▶ [Directions]
Return exactly the span of lines in the following data that opens with the line containing "Canvas rolling pencil" and closes with the line containing "A dormitory room". Include nothing else.

─── Supplied records

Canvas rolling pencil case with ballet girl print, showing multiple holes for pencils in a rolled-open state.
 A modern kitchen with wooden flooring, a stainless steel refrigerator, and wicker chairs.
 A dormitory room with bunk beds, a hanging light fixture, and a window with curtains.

──────
─── Supplied records

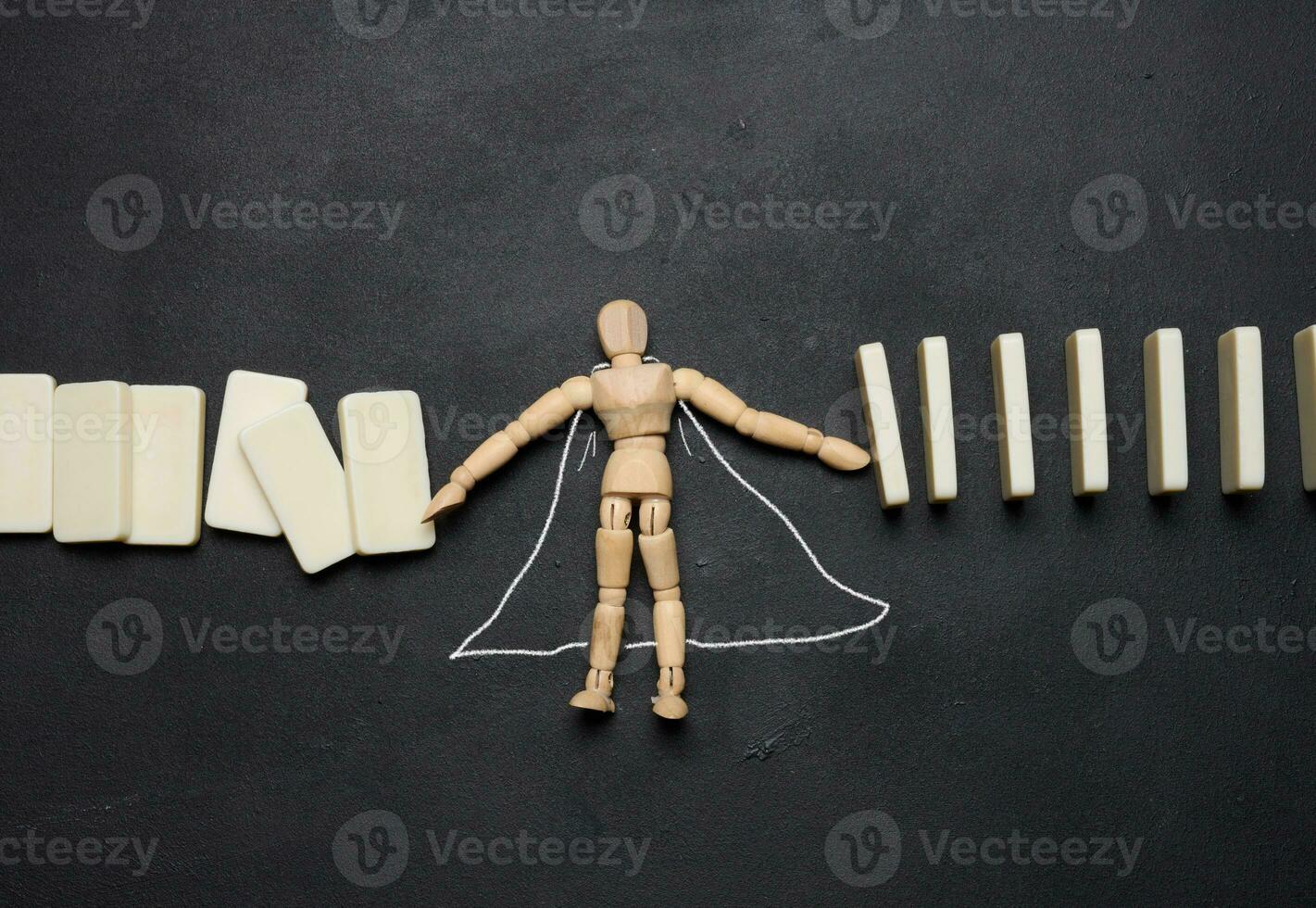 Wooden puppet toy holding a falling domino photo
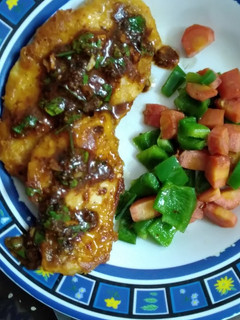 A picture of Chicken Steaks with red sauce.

──────

▶ [Response to the task]
Canvas rolling pencil case with ballet girl print, showing multiple holes for pencils in a rolled-open state.
 A modern kitchen with wooden flooring, a stainless steel refrigerator, and wicker chairs.
 A dormitory room with bunk beds, a hanging light fixture, and a window with curtains.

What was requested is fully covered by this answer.